Can anyone recommend me some jazz that's just absolutely bonkers (sort of like pic related)?
My only experience with jazz is a few John Coltrane albums, although they really didn't have much of a wild tone.
I know what you mean, Coltrane is so middle-of-the-road formulaic shit.
someone made me this list a while ago... i've as of yet only listened to Nefertiti and Bitches Brew.
- late 60s to 70s Miles Davis (Nefertiti, Filles de Kilimanjaro, Bitches Brew, A Tribute to Jack Johnson, On the Corner, Big Fun)
- fusion Herbie Hancock (Mwandishi, Crossings, Sextant)
- Tony Williams (Life Time, Emergency!)
pic related is the craziest album i ever heard
all you've done is bitch. either contribute an actual thought or shut the fuck up, you massive baby. jesus christ did you forget to drink your almond milk today or something? why are so many weak ass niggas browsing /mu/ now?
its not as wonky or jazz fusiony but Vtgnike is worth checking out
>those snare ghost notes on Eyes Above around the 00:48 mark
If anyone can recommend more jazz tracks with that kind of drumming, that would be amazing
Yea would never describe Coltrane as "wild" or "noisy" or "totally off the wall" /s
but seriously listen to these albums op
I listened to Bitches Brew before and didn't understand it. Then I listened to You're Dead and it changed the way I thought about jazz. Then I went back and listened to Bitches Brew again and it blew my mind. It might be a pleb thing to say but You're Dead got me into jazz.
>It might be a pleb thing to say but You're Dead got me into jazz.
I think its good there's such an album that can make that happen. I had to revisit Bitches Brew a couple of times over a long time because it wouldn't click with me, but once it did I was completely blown away.
It's not a pleb thing. Flylo said You're Dead was originally going to be a huge 30 track fast-paced completely bonkers jazz album. So a lot of songs on You're Dead are still pieces of that idea
he was being sarcastic...
great choice, sun ra always nails that "out there" feeling, especially on something like space is the place or atlantis
also pic related for literally Flylo related insanity
>middle of the road
the dude was instrumental in developing free jazz, how is that in any way simple or middle of the road? half of coltrane's material, or more than that, is not entry level whatsoever. I feel as though internet message boards make his music seem more accessible, but ascension and on is not remotely for new listeners to jazz. I would somewhat understand blue train, work on KoB, favorite things, giant steps, and ole, but I'd probably show someone louis armstrong and charlie parker first
Nah, people who are new to jazz don't usually understand the genius of louie and charlie. i know i didn't. The best stuff to show someone who wants to get into jazz is probably the albums you listed, some jazz messengers, miles davis 1st and 2nd quintet, and probably The bill evans trio albums with Scott LaFaro.

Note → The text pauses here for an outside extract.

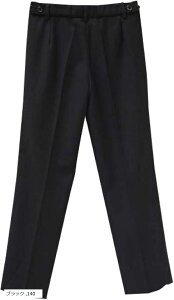 j̎qtH[}Y{ qX[c XbNX LbY WjA pc 140 (ubN, 140)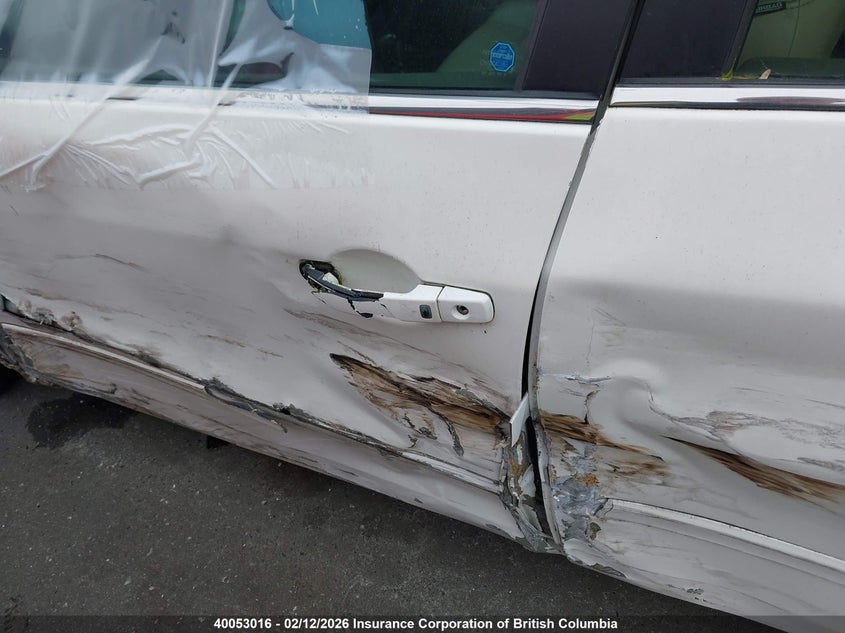 2007 Nissan Altima 3.5Se/3.5Sl VIN: 1N4BL21E47C120789 Lot: 40053016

I meant as an introduction to jazz generally, to show development while still being engaging. Agreed about ALS, not particularly complex but also certainly not simple in the grand scheme of things. however later work like Meditations, Interstellar Space, and live stuff like VV Again and Olatunji are extremely complex and chaotic. are you interested in free jazz generally, or moreso in fusion a la BB?
Is this really true? Kinda makes me sad, but maybe my experience is that those two work well for students learning soloing, but for people generally you might be right. Maybe some Brubeck or early mingus/mid career ellington too?
Brubeck, early mingus and mid career ellington would definitely work too. And i'm sure that there's a lot more artists and albums that are a good introduction for people who want to get into jazz.